For their mobile apps, Facebook does canary releases daily, gradually routing more and more users to the new release and monitoring the important metrics and feedback.
How to perform canary testing
I once worked for a company where the mobile version of our website featured a chat window that used XMLHttpRequest on the frontend to send and receive messages. This chat functionality was crucial, as over 40% of users engaged with it daily.
The XMLHttpRequest-based chat worked as follows: when a user sent a message, a new XMLHttpRequest object was created in the browser to transmit the message to the server. Upon receiving and processing the request, the server checked for new messages for the user and included them in the response payload.

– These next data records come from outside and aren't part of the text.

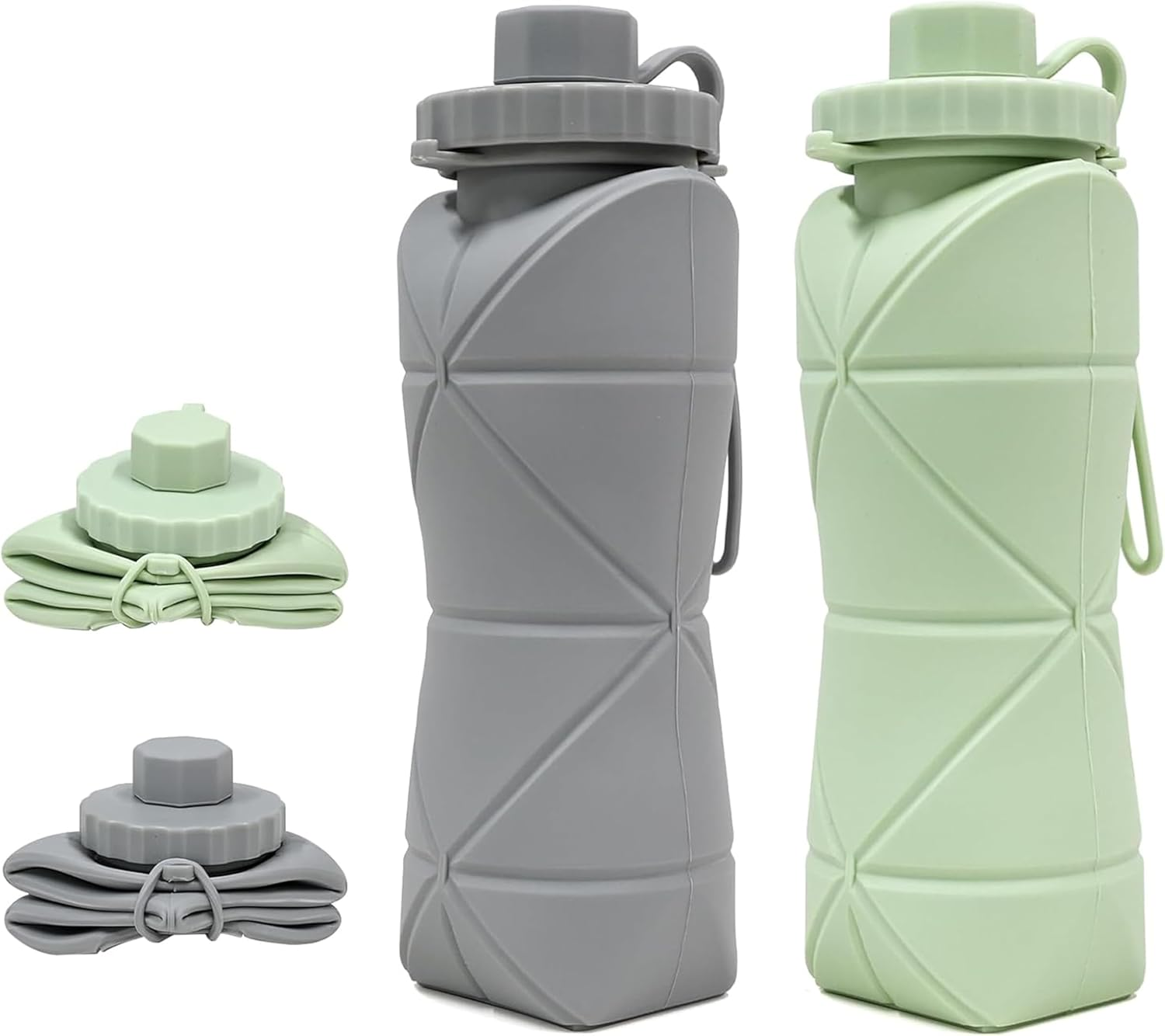 (2 Pack) MDHWL Collapsible Water Bottle for Travel [Double Leak-Proof Design] [Cap with Safety Rope] BPA Free Silicone Foldable Water Bottle for Outdoor Hiking Sports Lightweight, Couple (Green+Grey) image number 4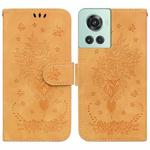 For OnePlus 10R / Ace Butterfly Rose Embossed Leather Phone Case(Yellow)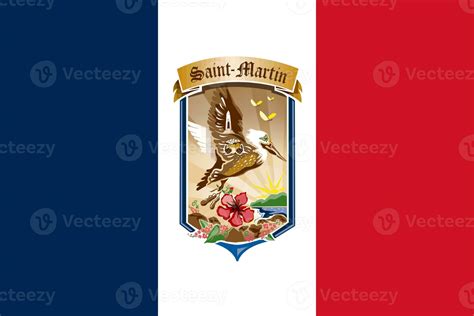 The official current flag and coat of arms of Collectivity of Saint Martin. State flag of Saint ...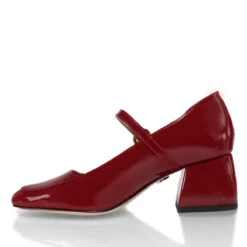 MATI 50 - Charol Cherry Regina Romero Zapato Zapatilla Tacon Bajo Para Dama En Piel -Reginaromero Tienda de ventas zapatillas mati rojo regina romero izquierda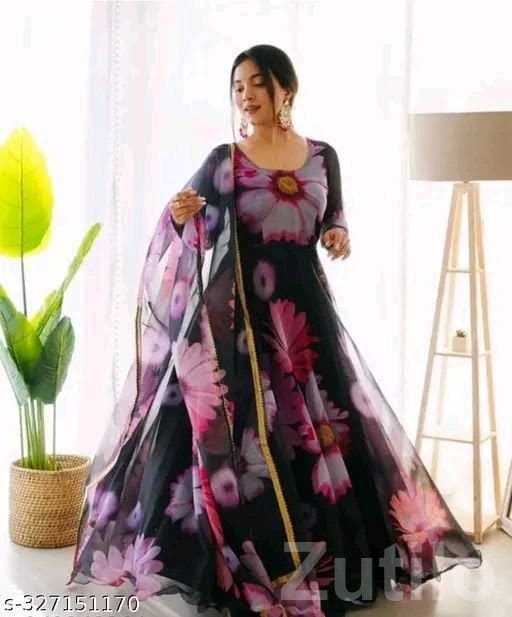 Women Georgette Floral Dress with Dupatta Women Georgette Floral Dress with Dupatta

However, when the user wasn’t sending anything, we had to schedule empty XMLHttpRequest requests to poll the server for new messages. The challenge with this regular server polling approach was finding the right balance between chat responsiveness and client browser load. Polling every 10-100ms ensured timely message delivery from the server to the client but imposed a significant load on the browser and phone battery. Conversely, polling every two seconds risked displaying multiple messages simultaneously, degrading user experience: it felt as if the network wasn’t fast enough.
At that time, WebSockets emerged as a promising alternative to traditional XMLHttpRequests. WebSockets allowed for a persistent server connection, enabling the server to push messages to the client whenever available.

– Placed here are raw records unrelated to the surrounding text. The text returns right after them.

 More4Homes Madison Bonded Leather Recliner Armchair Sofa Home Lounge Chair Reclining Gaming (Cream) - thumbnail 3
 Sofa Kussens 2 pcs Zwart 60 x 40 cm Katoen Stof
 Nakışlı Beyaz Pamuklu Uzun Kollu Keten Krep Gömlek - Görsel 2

In theory, this new approach seemed perfect for managing chat connectivity. We built a prototype of the new chat system and performed extensive internal testing. However, we recognized that our clients had a much more diverse set of usage patterns for the chat, and we would never be able to even uncover all the use cases they had.

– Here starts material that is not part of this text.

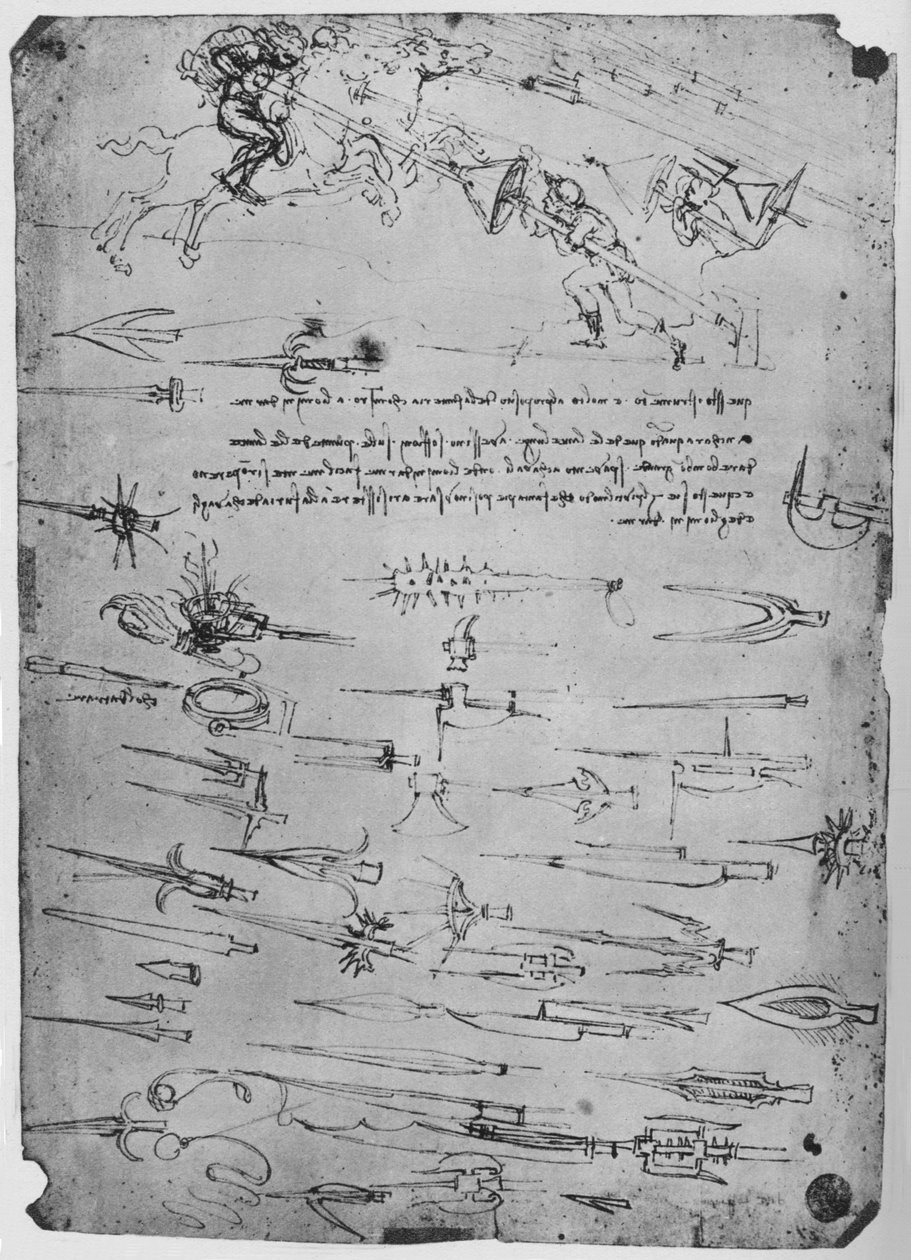 Tanulmányok a lovasokra lándzsákkal, amelyekhez pajzsokkal támadó gyalogos katonákról, c1480, 1945 alkotó: Leonardo da Vinci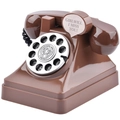 Vintage brown rotary phone piggy bank with elegant polished finish and glossy details - Short Retro Telephone Brown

Thus, testing the new chat system on a small portion of live users appeared to be an excellent strategy.
We decided to employ canary testing to deploy the WebSocket-based chat system. Here’s how we approached it:
- We chose a small group of users from 10 different countries using two mainstream browsers at the time: Google Android 4.4.1 browser and Apple Mobile Safari 7, which we thought would be a representative group of users.
- The new WebSocket-based chat was deployed to this selected group, we used the existing A/B testing testing environment for the routing. The rest of the users continued using the existing XMLHttpRequest-based chat.
- We closely monitored performance metrics such as connection stability, message delivery times, “message drop” rate, etc.
- We saw that there were no real issues with the new WebSockets functionality on that small group, so within the next month we gradually routed more and more users to the WebSockets-based chat.
- In two months, we removed the old XMLHttpRequest-based code completely, essentially phasing out support for a module which was 6 years old.
The canary testing approach allowed us to validate the WebSocket-based chat in a real-world environment with minimal risk. It also enabled us to slowly and gradually release the new functionality to more and more users while keeping an eye on the key metrics. Ultimately, the new chat system provided a more responsive and efficient experience, significantly improving user satisfaction.
Canary testing helps you balance growth and risk
Canary testing is a powerful strategy for managing the risks associated with deploying new software updates. By rolling out changes to a small, representative group of users first, it allows development teams to detect and address issues early, ensuring a smoother and more stable release for the broader user base. The step-by-step process of canary testing — from selecting the test group and setting up the environment to monitoring and evaluating results—helps maintain system performance and user satisfaction.
Whether you’re dealing with major architectural changes or incremental feature updates, canary testing offers a balanced approach to innovation and reliability. By understanding its benefits and addressing its challenges, you can make informed decisions that enhance your software deployment strategy and user experience.